Another way to store this would be for white space delta is stored in the current Token to take you from the end of the previous lexemes SourceLoc to the current. In that case it would be

Index to current position in the byte stream
Previous SourceLoc to end of last lexeme
Previous LexemeIndex - applying the delta takes u

Therefore a compressed token needs to store

Type
Either a (potentially small) whitespace delta SourceLoc or a full delta
Either a length or lexemeDelta

struct Control
{
    U4 whiteSpaceDelta;             ///< Only needed if `isLargeWhitespaceDelta` is false
    U2 lengthLexemeByteCount;       ///< How many bytes store the lexemeIndex delta or the length   
    Bool isLexemeIndex;             ///< If set has a lexeme index following, else it's a length
    Bool isLargeWhitespaceDelta;    ///
};

We could do a switch on the bottom two bits, for 4 basic scenarios.

Alternatively perhaps we could store short lexeme lengths in Control, at the cost of size of whiteSpace delta.
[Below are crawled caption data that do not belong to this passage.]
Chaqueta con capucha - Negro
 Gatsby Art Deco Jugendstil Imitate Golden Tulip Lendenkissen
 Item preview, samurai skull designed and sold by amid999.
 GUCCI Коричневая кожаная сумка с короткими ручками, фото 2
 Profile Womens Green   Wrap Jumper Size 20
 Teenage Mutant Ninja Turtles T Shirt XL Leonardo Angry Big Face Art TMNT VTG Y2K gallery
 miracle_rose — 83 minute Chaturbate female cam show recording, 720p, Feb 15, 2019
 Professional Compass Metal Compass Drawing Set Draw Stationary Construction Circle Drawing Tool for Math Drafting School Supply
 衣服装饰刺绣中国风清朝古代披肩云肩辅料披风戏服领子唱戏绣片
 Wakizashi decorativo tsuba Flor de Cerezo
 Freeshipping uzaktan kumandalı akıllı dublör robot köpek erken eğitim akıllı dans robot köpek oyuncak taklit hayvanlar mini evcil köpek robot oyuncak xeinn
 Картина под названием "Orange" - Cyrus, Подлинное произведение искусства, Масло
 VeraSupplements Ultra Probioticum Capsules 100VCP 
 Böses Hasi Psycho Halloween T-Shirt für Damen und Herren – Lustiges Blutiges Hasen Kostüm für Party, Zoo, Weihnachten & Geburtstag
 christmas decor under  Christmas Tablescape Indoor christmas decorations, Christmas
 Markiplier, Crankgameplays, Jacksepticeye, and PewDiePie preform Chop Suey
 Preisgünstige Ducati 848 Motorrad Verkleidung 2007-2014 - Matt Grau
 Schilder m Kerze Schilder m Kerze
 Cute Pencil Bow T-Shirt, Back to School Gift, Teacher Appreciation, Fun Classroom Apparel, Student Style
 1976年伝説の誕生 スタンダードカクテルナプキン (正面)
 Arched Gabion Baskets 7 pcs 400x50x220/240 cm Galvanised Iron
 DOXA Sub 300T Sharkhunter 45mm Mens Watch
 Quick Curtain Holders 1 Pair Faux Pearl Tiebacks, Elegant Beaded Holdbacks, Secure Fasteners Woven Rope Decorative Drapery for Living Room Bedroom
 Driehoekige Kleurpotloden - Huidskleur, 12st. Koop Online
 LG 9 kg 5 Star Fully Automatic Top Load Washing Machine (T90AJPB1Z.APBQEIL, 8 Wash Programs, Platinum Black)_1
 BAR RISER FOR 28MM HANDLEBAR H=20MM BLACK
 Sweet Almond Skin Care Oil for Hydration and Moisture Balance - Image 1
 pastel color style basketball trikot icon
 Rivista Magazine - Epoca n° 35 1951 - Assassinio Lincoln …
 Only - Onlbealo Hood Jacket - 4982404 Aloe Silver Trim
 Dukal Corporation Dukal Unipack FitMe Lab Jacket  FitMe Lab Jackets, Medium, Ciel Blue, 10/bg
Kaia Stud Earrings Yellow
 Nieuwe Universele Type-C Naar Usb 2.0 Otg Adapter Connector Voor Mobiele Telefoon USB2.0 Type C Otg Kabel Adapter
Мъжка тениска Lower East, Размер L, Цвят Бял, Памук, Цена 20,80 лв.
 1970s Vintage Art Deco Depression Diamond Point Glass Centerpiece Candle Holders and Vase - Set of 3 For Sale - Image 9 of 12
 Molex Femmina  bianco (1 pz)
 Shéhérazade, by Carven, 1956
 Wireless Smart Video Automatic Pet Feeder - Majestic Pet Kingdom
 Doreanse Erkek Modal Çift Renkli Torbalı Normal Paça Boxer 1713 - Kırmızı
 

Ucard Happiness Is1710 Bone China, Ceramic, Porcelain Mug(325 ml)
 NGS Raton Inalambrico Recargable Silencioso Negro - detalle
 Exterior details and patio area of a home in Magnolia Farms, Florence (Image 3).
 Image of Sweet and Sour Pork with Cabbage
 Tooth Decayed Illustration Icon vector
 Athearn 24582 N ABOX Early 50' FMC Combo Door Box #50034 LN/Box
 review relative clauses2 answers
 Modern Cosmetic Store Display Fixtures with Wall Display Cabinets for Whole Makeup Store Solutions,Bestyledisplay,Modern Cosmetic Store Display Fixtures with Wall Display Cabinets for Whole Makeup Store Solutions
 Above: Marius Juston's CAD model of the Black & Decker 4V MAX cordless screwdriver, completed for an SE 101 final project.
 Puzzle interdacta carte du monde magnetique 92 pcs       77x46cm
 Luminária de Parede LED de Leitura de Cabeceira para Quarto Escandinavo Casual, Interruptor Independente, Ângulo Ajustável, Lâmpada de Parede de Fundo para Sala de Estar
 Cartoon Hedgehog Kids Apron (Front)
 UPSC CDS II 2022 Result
So something like

struct Control
{
    U2 lexemeLength;                ///< Set if the lexeme length is small (and it's not a lexemeIndex maybe?)
    U2 whiteSpaceDelta;             ///< Only needed if `isLargeWhitespaceDelta` is false
    U2 lengthLexemeByteCount;       ///< How many bytes store the lexemeIndex delta or the length   
    Bool isLexemeIndex;             ///< If set has a lexeme index following, else it's a length
    Bool isLargeWhitespaceDelta;    ///
};

Yet another alternative would be to store an enum for the common cases, that we can switch on common scenarios and others are encoded with less in Control.

Another thought might be to just use some standard compression mechanism such as lz4, and store the stream compressed. Then expand when needed. The advantage would be greater compression, and not requiring a clever mechanism to stream. Doing so could mean that the TokenStream doesn't have to be an abstraction, but is literally a stream of Tokens.

For initial implementation just making it non compressed using streaming mechanism that is already there is probably reasonable.